Are there any signs of a rebound in legacy AT&T spending, and have you been able to reengage that relationship now that, that business has transitioned?
I'm sorry. There was a hiccup in your question. Do you mind asking it again?
Yes, I'm asking if there are any signs of a rebound in the legacy AT&T spending. Have we been able to reengage that relationship now that, that business has transitioned?
Sure. We feel good about where the relationship is. We're not giving specific commentary about spend levels, but we support them on an exclusive basis with multiple products. Our Call Marketplace is, I think, a critical piece of the value proposition that their end customers get. We are the most cost-effective provider of high-quality leads, and so we think there's opportunities for growth in general and with that relationship, particularly, as we think about the balance of the year and beyond.
At this point and given where the stock is trading, what are your current thoughts on how you'll pay the final Jingle earn-out in October?
Thanks for the question, Jack. This is Mike. We have a little over $33 million cash on hand at the end of June, and we are cash-generating, as you know, every quarter from an operating cash flow. We generated actually $8 million in operating cash flow this last quarter. The Jingle payment in October is $18 million, and so by that point in time, we will one have -- continued to increase our cash coffers just from operating cash flow. But in addition to that, we still see a significant interest on the part of different parties out there and some of our domain name assets, and so that would be incremental from a cash perspective, any sales that we have on top of our operating cash flow. So we should have a fairly satisfactory level of cash flow, as well as cash balances, by the October payment date.
Have you made any early traction with Intuit thus far? Should we plan on hearing any more about further reseller partnerships?
Sure. Look, we think it's early with Intuit, and we're supporting them well. We think there are opportunities to grow the program, and we think as we kind of think about the intermediate term and beyond, that's a great partnership to have. We mentioned today as part of our initial part of this call that we've just formalized the relationship with Entravision, which is one of the biggest players in the Spanish language market in the United States, with, I believe, 100-plus television and radio stations.
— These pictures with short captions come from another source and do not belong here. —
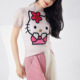 女式 t恤HelloKitty猫可爱甜美修身 显瘦时尚 三宅热卖 百搭短袖 上衣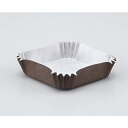 純白ペット 茶角 78×78×20H / 300枚【 取り寄せ 】【 富澤商店 公式 】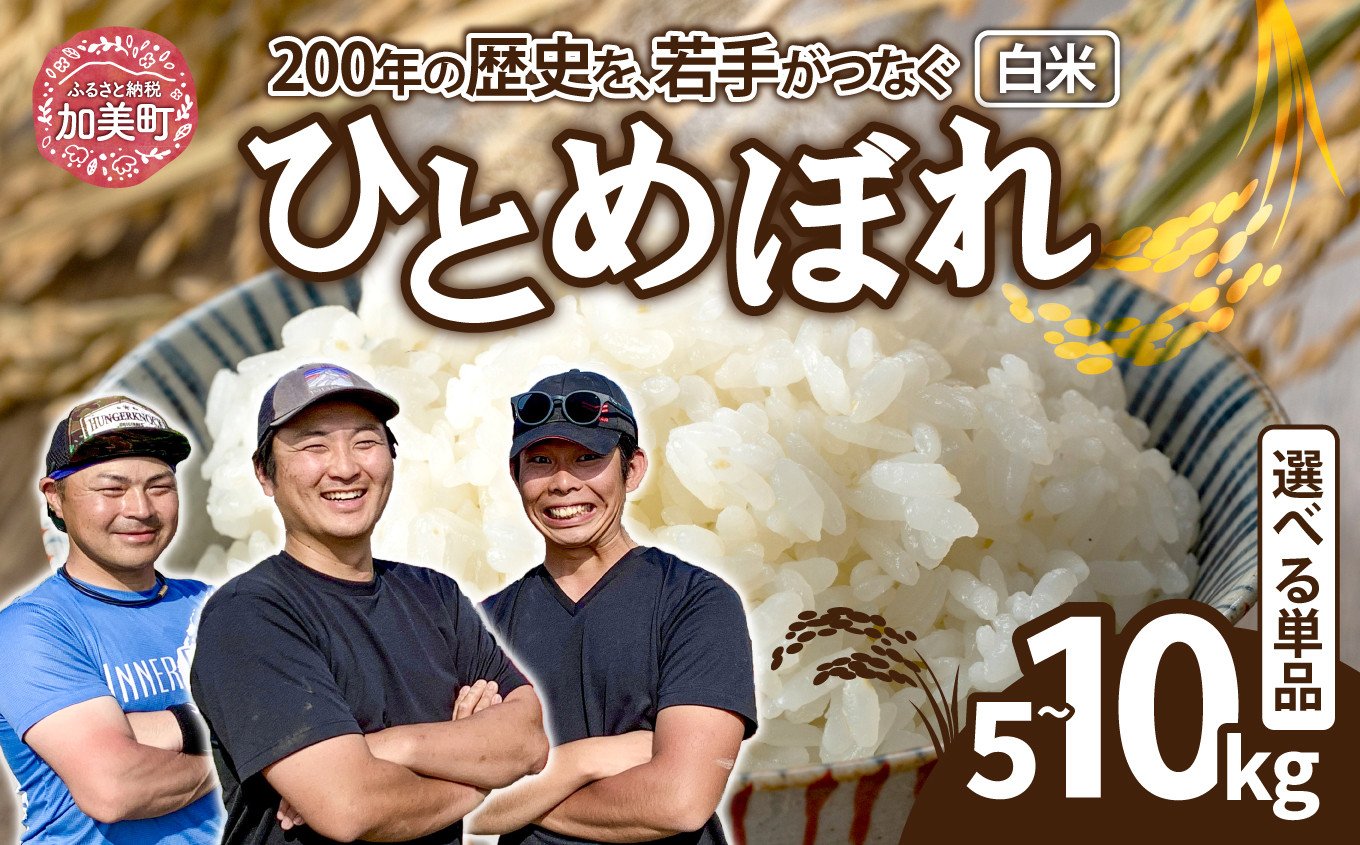 
            【選べる内容量】 米 宮城県産 ひとめぼれ 5kg 10kg ブランド米 白米 精米 ご飯 ごはん コメ こめ お米 小分け 家庭用 結心ファーム [ 宮城県 加美町 ]  
          
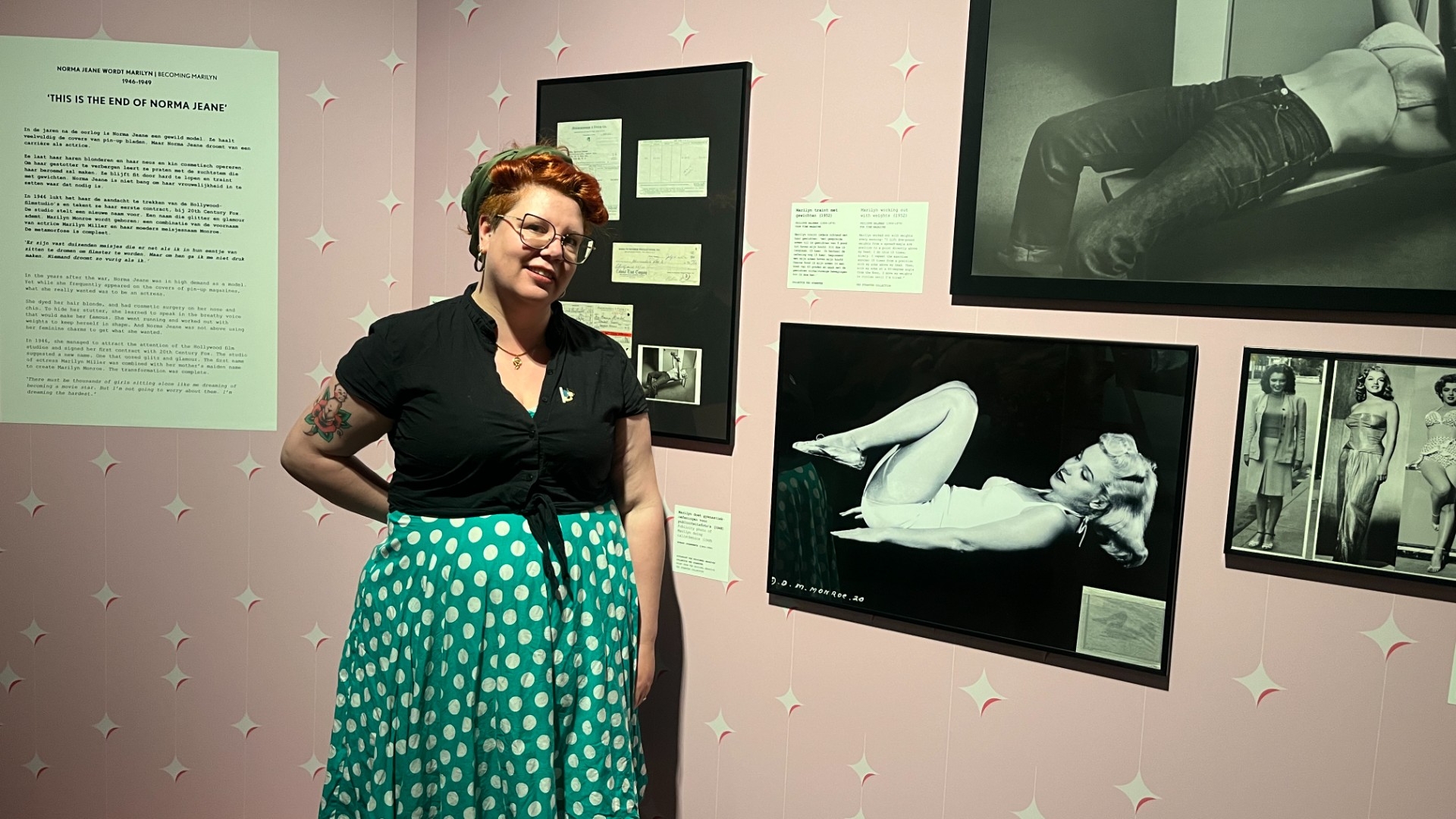 Dolle Mina's bij opening Marilyn Monroe-tentoonstelling in Forum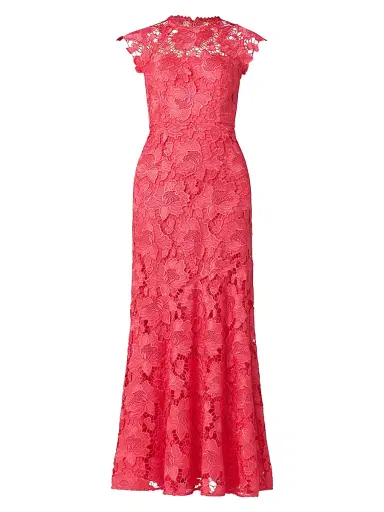 Shoshanna Women's Raven Lace Maxi Dress - Coral - Size 6 | Thumbnail 1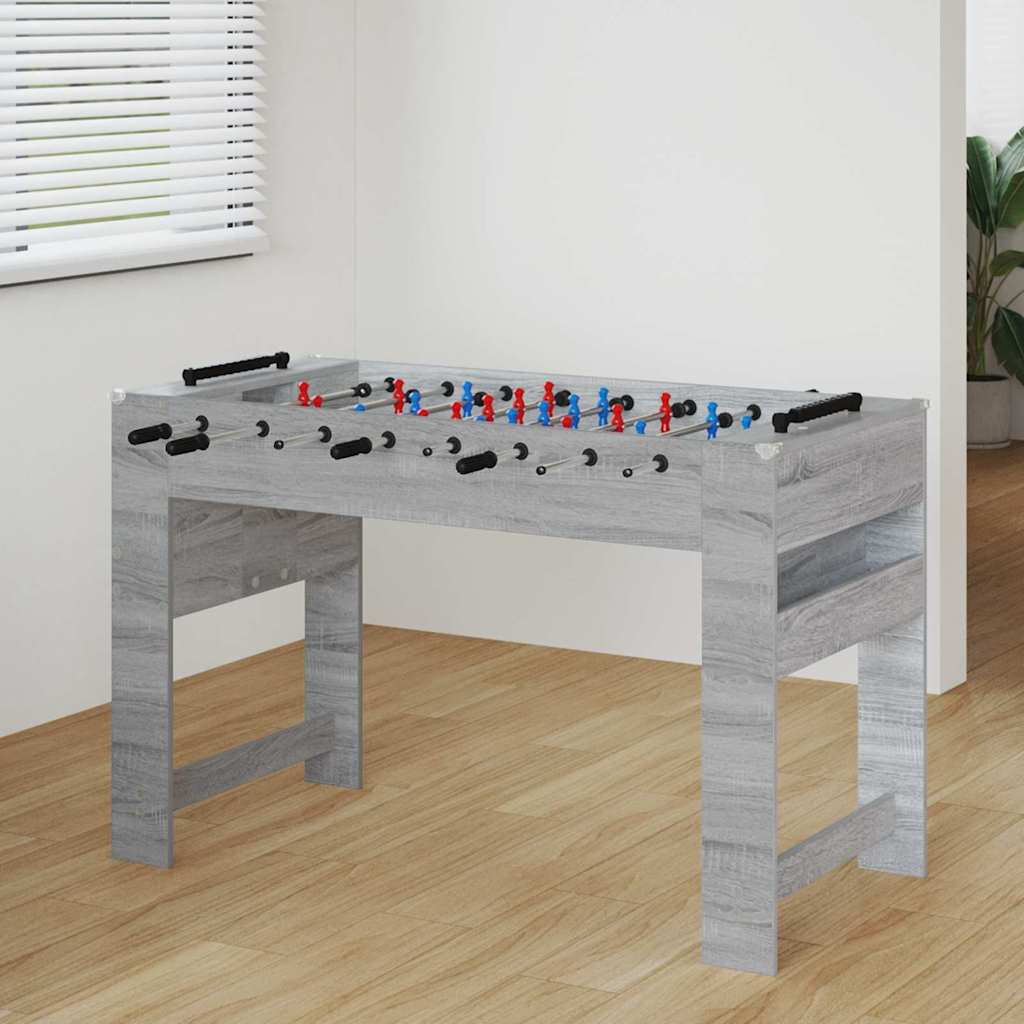 Tavolo da Foosball Grigio Sonoma 125 x 60,5 x 80 cm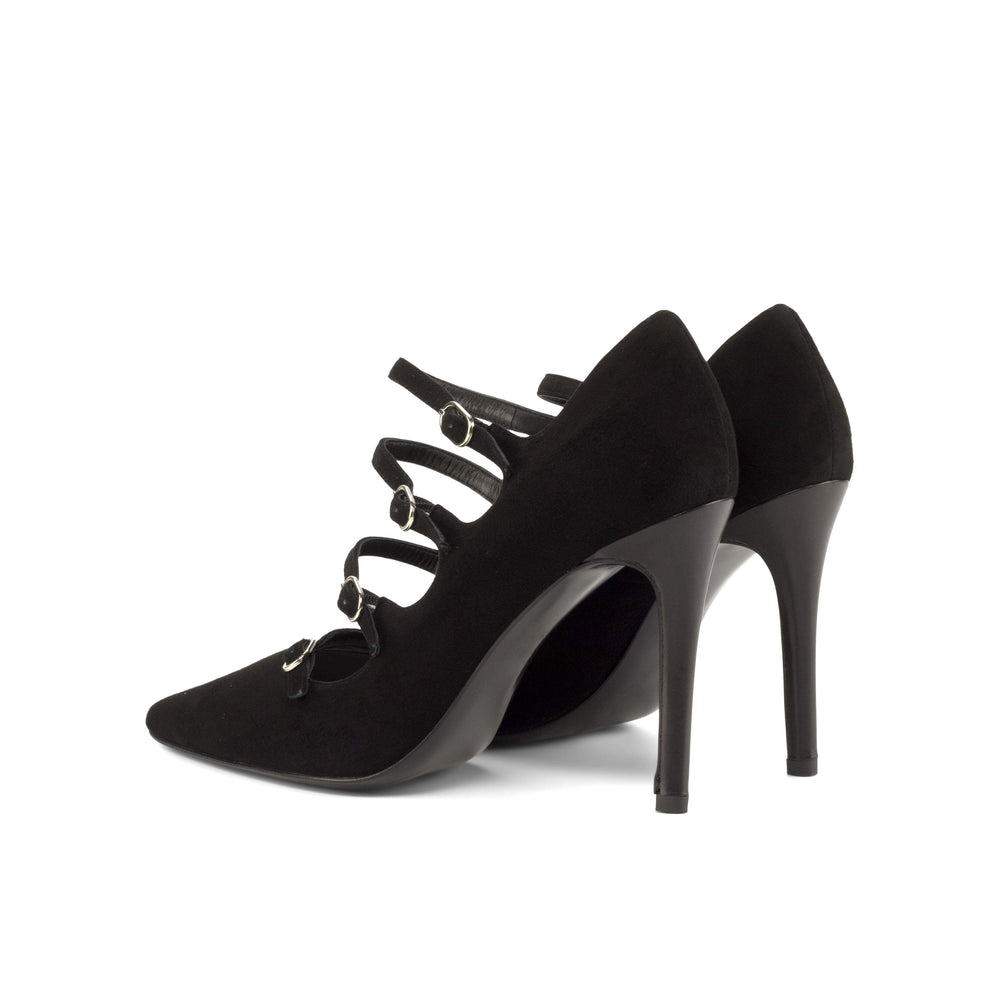 Women's Venice High Heels Leather Luxury Black 4772 2- MERRIMIUM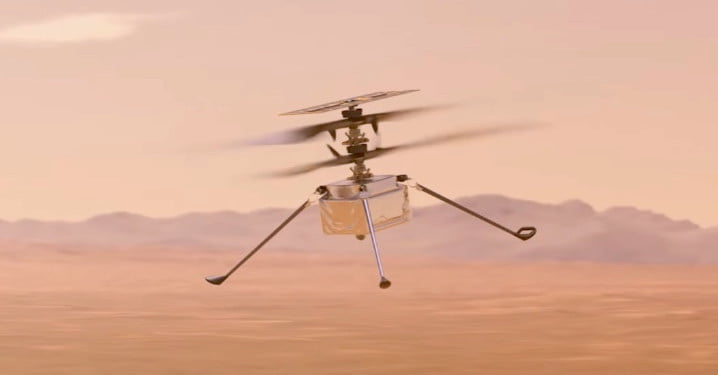 Watch NASA’s video showing off its first-ever Mars aircraft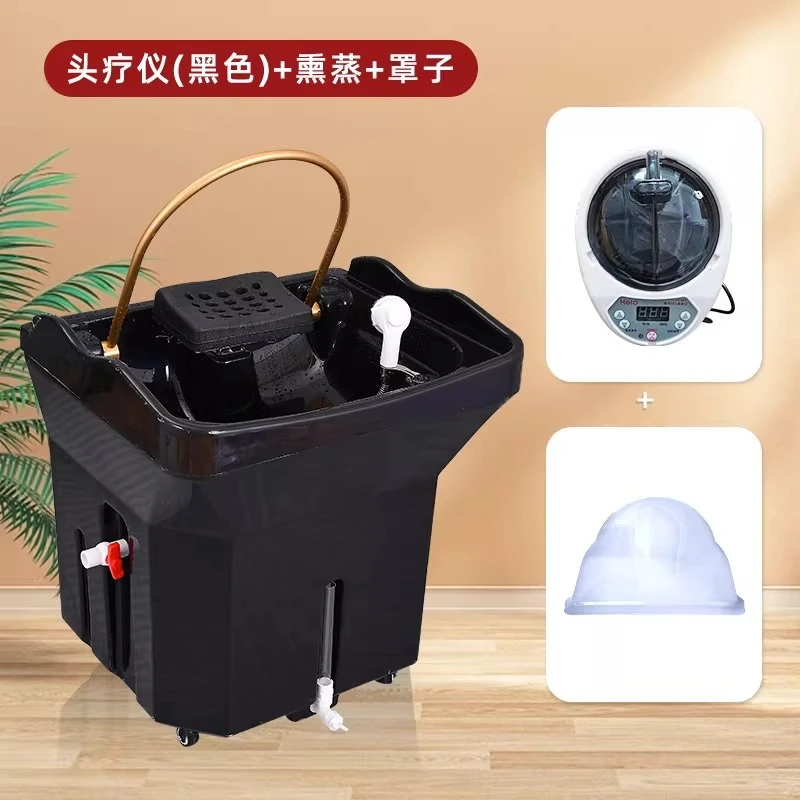 Fumigation Massage Automatic Constant Temperature Water Circulation Spa Machine Hair Care and Shampoo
That's focused on the opportunity with -- kind of the digital opportunity with the lead product, and we are going into market with them right now, and we think that's another significant opportunity. And there are examples of new customers that we're winning with the combination of our local leads product. This purchasing platform for advertisers, combined with our Digital Call Marketplace, gives us a unique formula that we think will translate to a [indiscernible] growth for the business overall.
You're working with a lot of the top carriers right now. What are your plans to increase this number? And lastly, do you think we'll see the free 411 app on the iOS platform at any point?
We won't be specific in terms of where we are on product releases. Clearly, when you think about consumer-facing mobile products, you want to be where the users are, so I'll just leave it at that on that one. In the context of growing carrier relationships, it's a two-pronged approach, which is deeper penetration with existing relationships where we can grow volumes. We see no shortage of opportunity for that. And we clearly have a very tangible understanding of which carriers we're a good fit for that we don't work with yet and feel like we've got a clear path to win relationships and grow them there as well.
[Operator Instructions] And sir, there are no further questions at this time.
Look, we appreciate everyone's participation on the call, and we look forward to reporting progress to you as we move through the balance of the year. Thanks again.
Thank you for participating in today's conference call. You may now disconnect.